Desde otra perspectiva, si la institucionalidad española se toma en serio a sí misma, tendría que emprender un esclarecimiento político y hasta penal de las responsabilidades de los gobernantes salientes en la catástrofe ecológica del Prestige, hace dos años; en el recorte legal de las libertades y derechos fundamentales -como procedieron ante el conflicto vasco- y, por encima de todo, en el uncimiento de España, contra la voluntad de 90 por ciento de sus habitantes, en una aventura militar criminal y contraria a la legalidad internacional, cuyo precio ha sido pagado no sólo con la muerte de algunos espías y efectivos militares enviados a Irak, sino también con la sangre de miles de españoles inocentes en las calles de Madrid. En forma paralela, el gobierno que forme Rodríguez Zapatero -quien ofreció un régimen de "cambio" que apostaría "a la cohesión, la concordia y la paz"- debe desarticular la alianza establecida por Aznar con las histerias bélicas de Washington y reubicar a España en los ámbitos a los que naturalmente pertenece: la Unión Europea e Iberoamérica.

Si se proyectan al ámbito internacional los resultados de las elecciones españolas de ayer, es razonable suponer que sean causa de zozobra para Tony Blair y George W. Bush, quienes han fungido como patrones de Aznar en las empresas bélicas en Afganistán e Irak, y cuyos respectivos destinos electorales distan mucho de estar asegurados. Ellos pueden, desde ahora, empezar a contemplarse en el espejo de Aznar y de Rajoy, expulsados del poder en Madrid, en cuya caída desempeñó un papel central el rechazo ciudadano al militarismo y sus consecuencias.

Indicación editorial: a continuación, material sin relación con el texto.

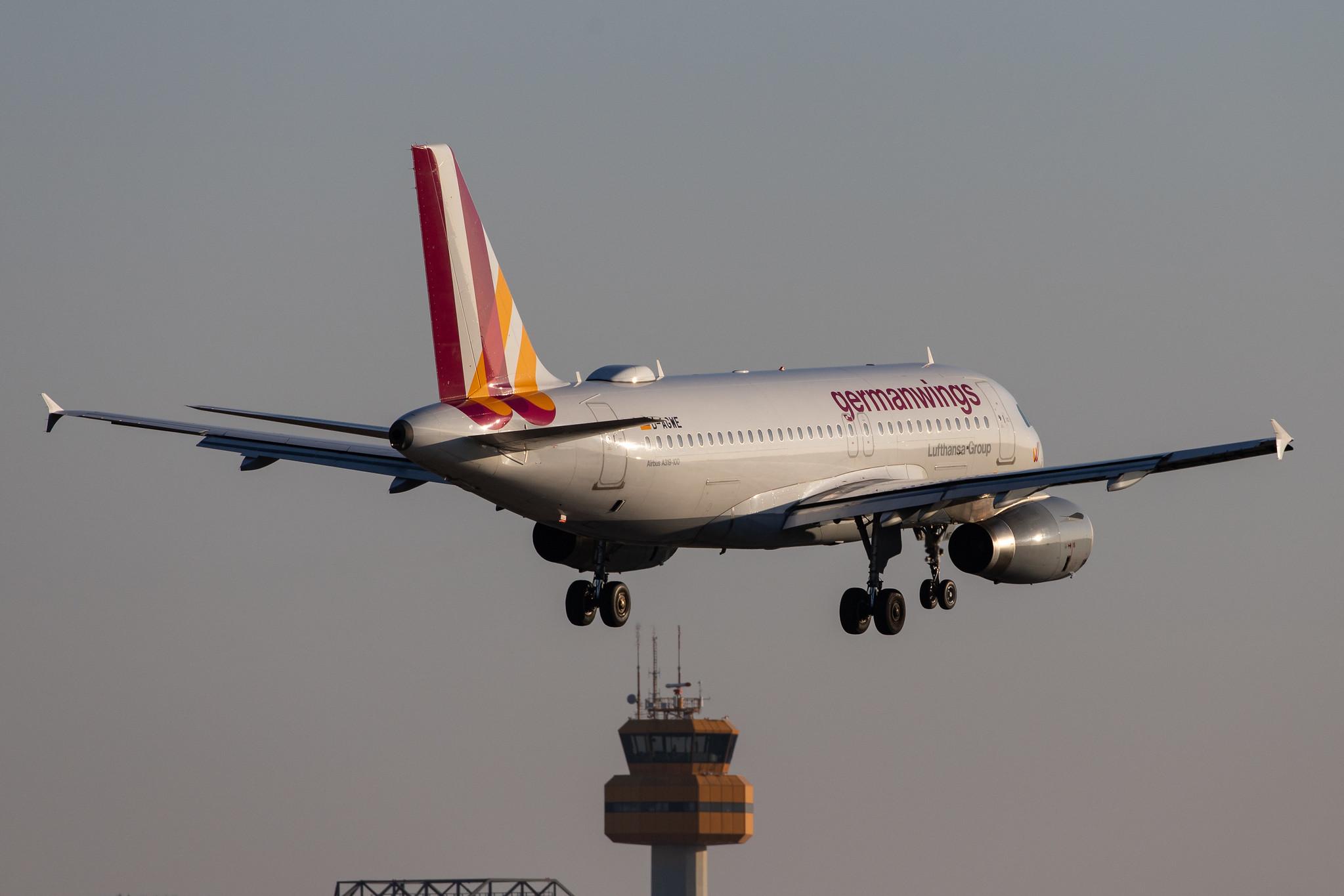 Hamburg Airport: Eurowings (EW / EWG) |  Airbus A319-132 A319 | D-AGWE | MSN 3128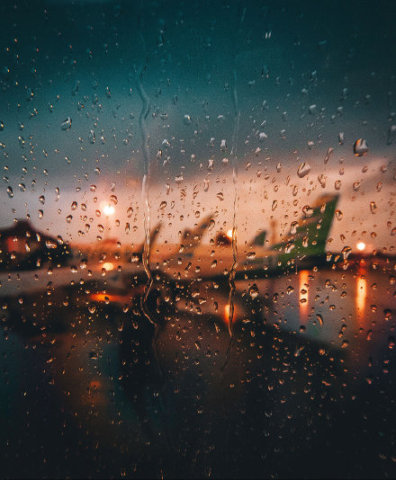 玻璃窗的雨滴系列壁纸 听说下雨天和矫情最般配了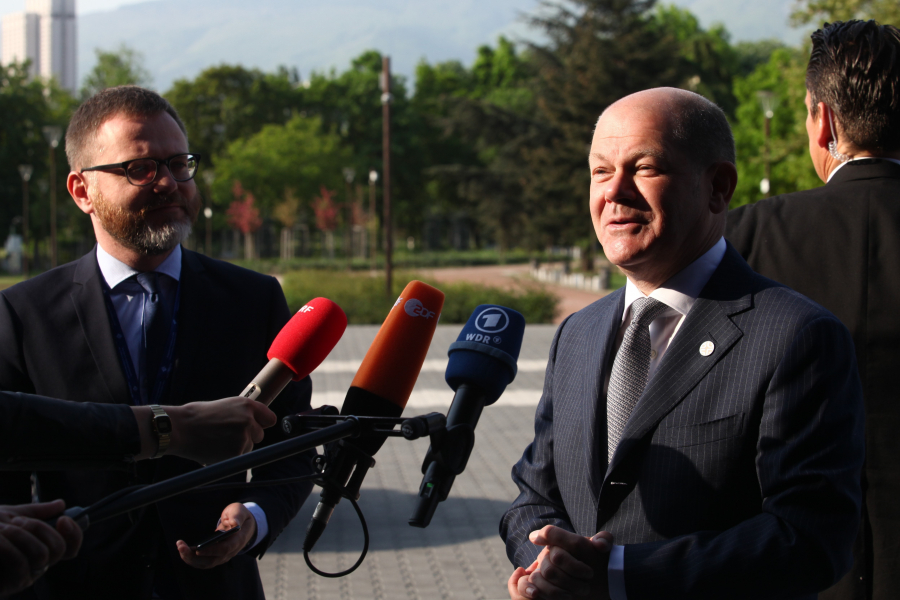 Απίστευτος χαρακτηρισμός για Σολτς- Ουκρανός διπλωμάτης τον αποκάλεσε «προσβεβλημένο λουκάνικο»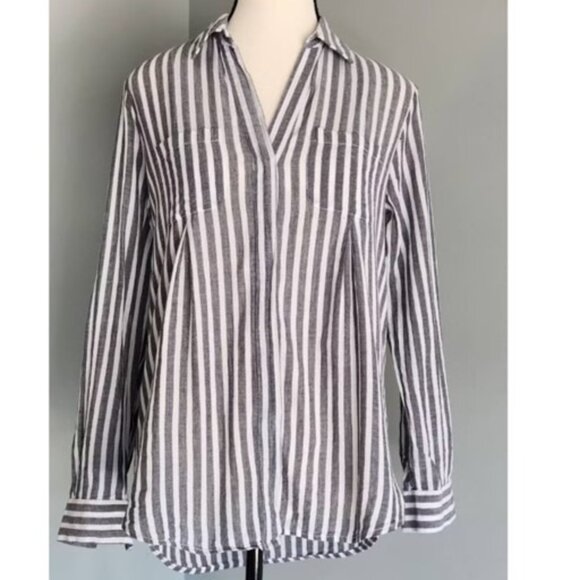 Lord & Taylor Women's Striped button-down Shirt Size US SP - Picture 1 of 8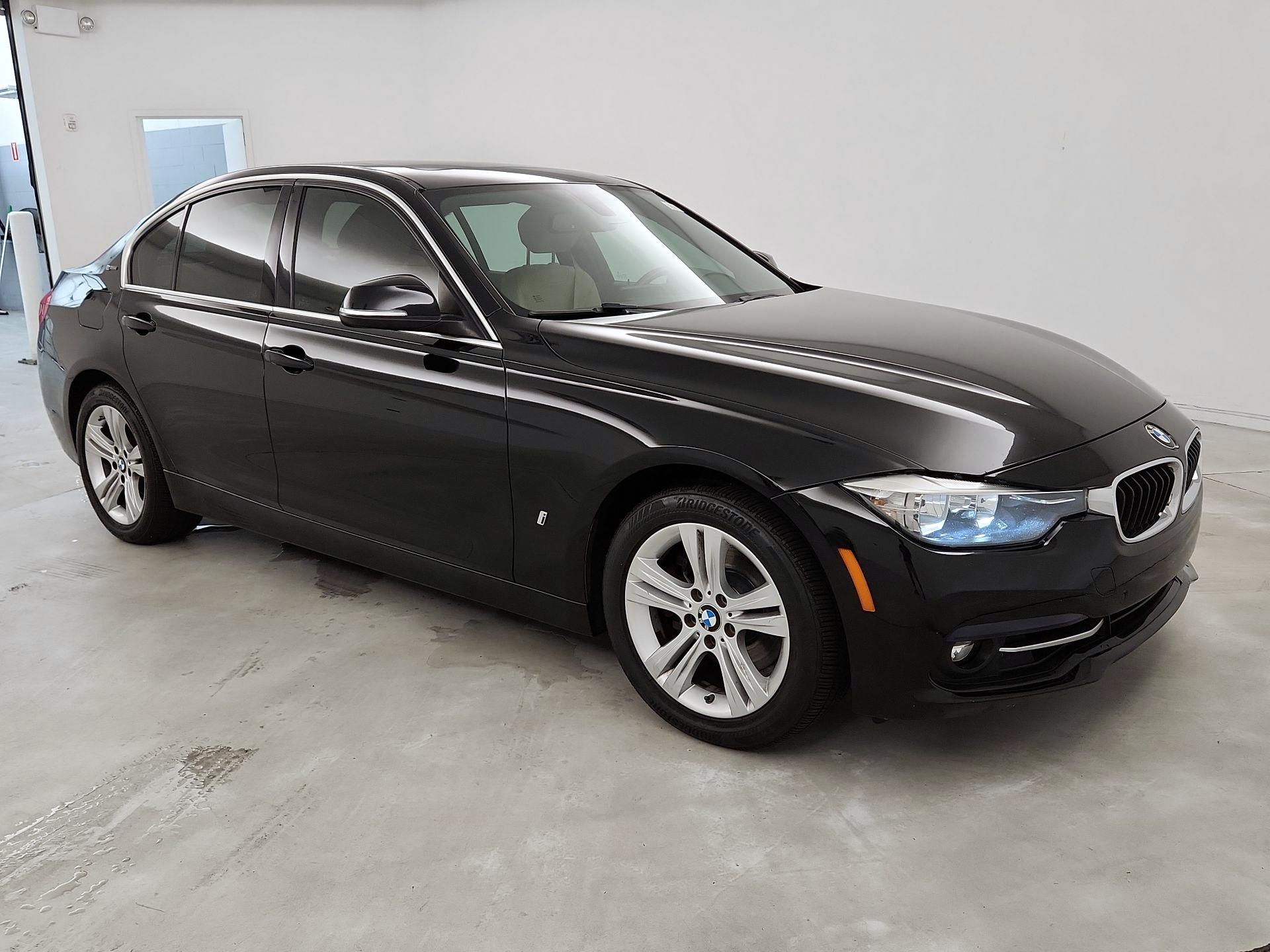 Thumbnail: 2017 BMW 3 Series - 1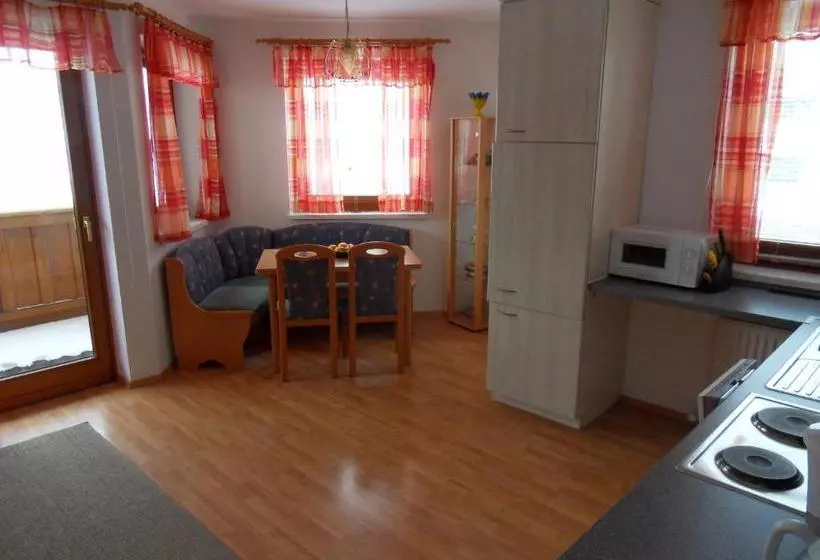 هتل Alpin Appartements
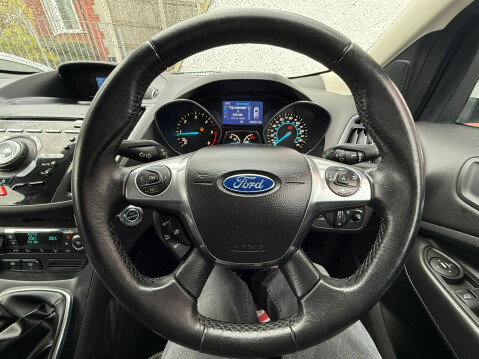 Ford Kuga TITANIUM TDCI 2WD 22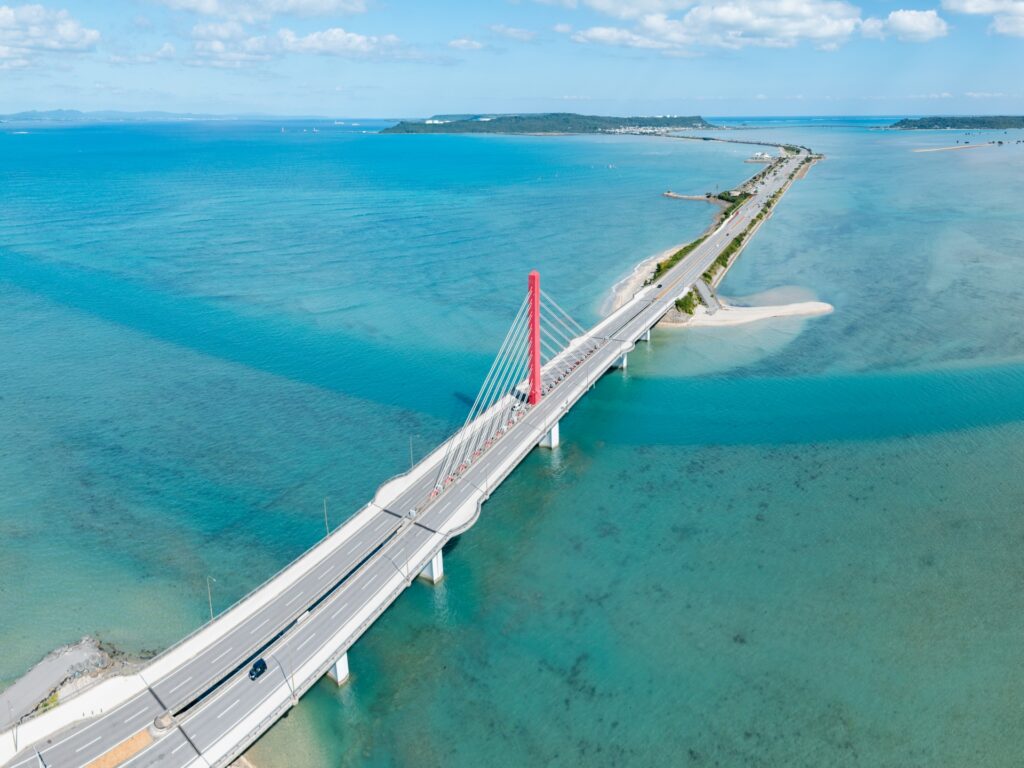 ドローンで見る海中道路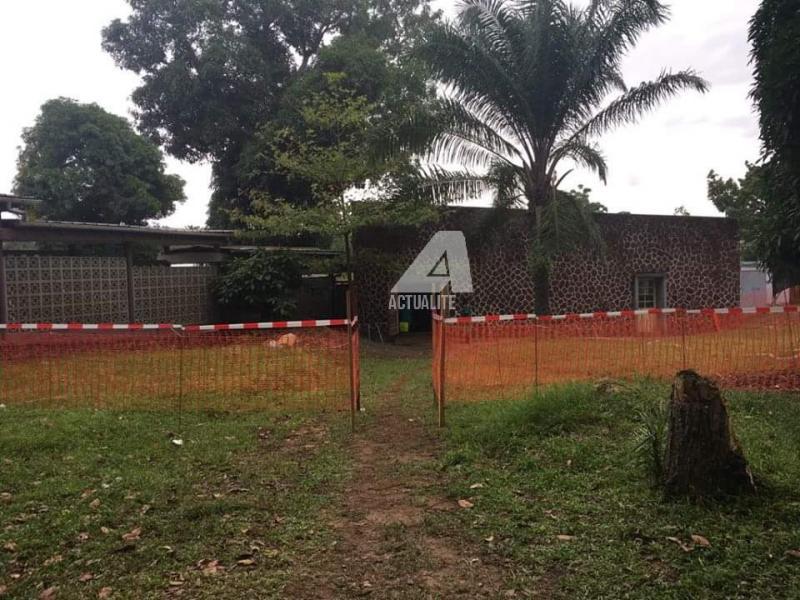 Un centre de traitement d'Ebola à Mbandaka Un centre de traitement d'Ebola à Mbandaka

La sociedad española, por su parte, después de un periodo oscuro y regresivo en el que fue gobernada por un nieto ideológico de Francisco Franco, parece haber regresado a sí misma. Superará la torpeza, la insensibilidad y la vulgaridad con que se condujo su gobierno en los últimos ocho años, llorará a sus muertos y curará a sus heridos, encontrará la verdad de los atentados asesinos del jueves y descubrirá el tamaño de la manipulación de que fue objeto. España demanda paz y reclama decencia.